Right now there are many hailing wolf restoration efforts in the Rockies, Southwest and Southeast as a "success." Success by what definition? They are dispersing and exploring new areas. In a limited way one can call this restoration effort a success. But in my mind, the effort to restore wolves will never be a real success until we find a way to restore the wolf across much of the landscape it formerly inhabited.

Under that kind of definition, the wolf restoration efforts have been anything but a success. The only places where wolves in the Rockies and Southwest are not experiencing excessive mortality due to human control efforts is in designated wilderness or park areas. Yes wolves are doing well inside the boundaries of YelIowstone Park. They are surviving in Central Idaho's Frank Church River of No Return Wilderness.
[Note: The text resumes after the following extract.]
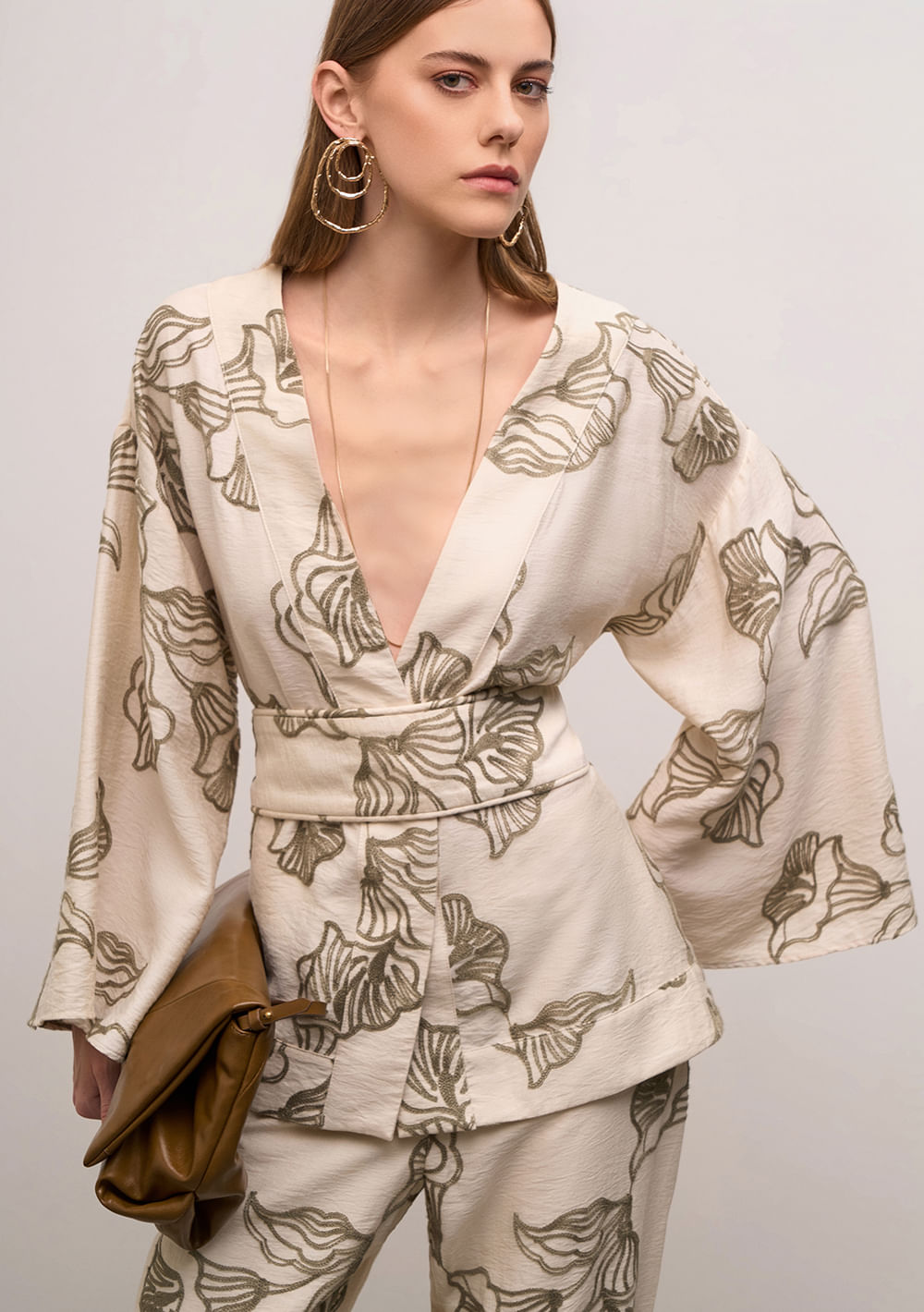 Kimono Iódice Solto Manga Longa Padrão Off White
But outside of these few protected zones, wolf recovery is not proceeding as desired.

In the tri-state area of Montana, Idaho, and Wyoming, 79% of all known wolf mortalities are due to humans, primarily "lethal" control by "Wildlife Services" at the request of the U.S. Fish and Wildlife Service. Indeed, control efforts may jeopardize any wolf recovery and delisting, and certainly has significantly slowed wolf recovery in the region.
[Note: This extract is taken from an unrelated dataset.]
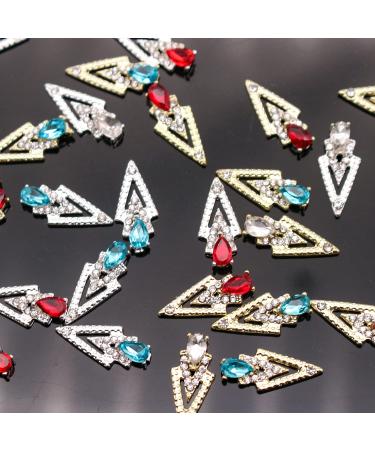 30pcs Mix Gold and Silver Nail Charms - Triangle and Drop Shape 3D Nail Jewelry for Acrylic Nails Art - DIY Crafts Accessory for Women and Girls - Buy Online on SooperMarket.com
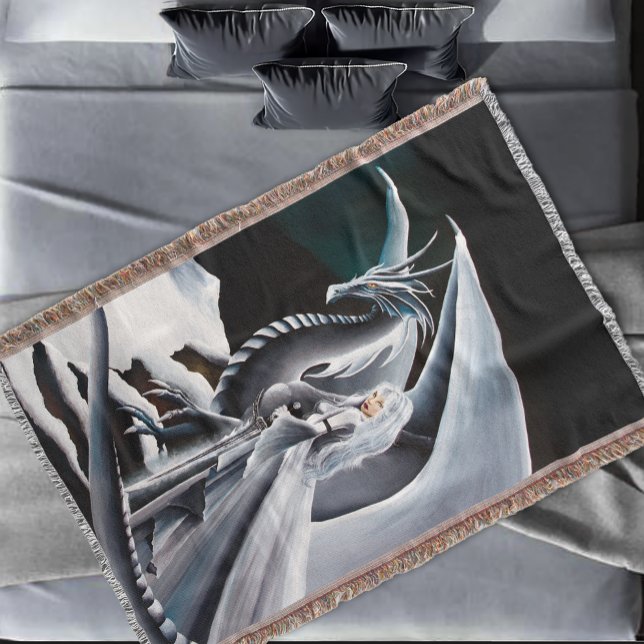 White Dragon Woman Fantasy Auroras Throw Blanket (Creator Uploaded)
To delist wolves in the northern Rockies-Northwest Montana (includes Glacier NP), Greater Yellowstone, and Central Idaho - a population of 10 breeding pairs of wolves in all three recovery areas for three consequent years must be achieved. Though there is substantial output of pups, recovery goals are not being achieved due to excessive control efforts to appease livestock interests in the region.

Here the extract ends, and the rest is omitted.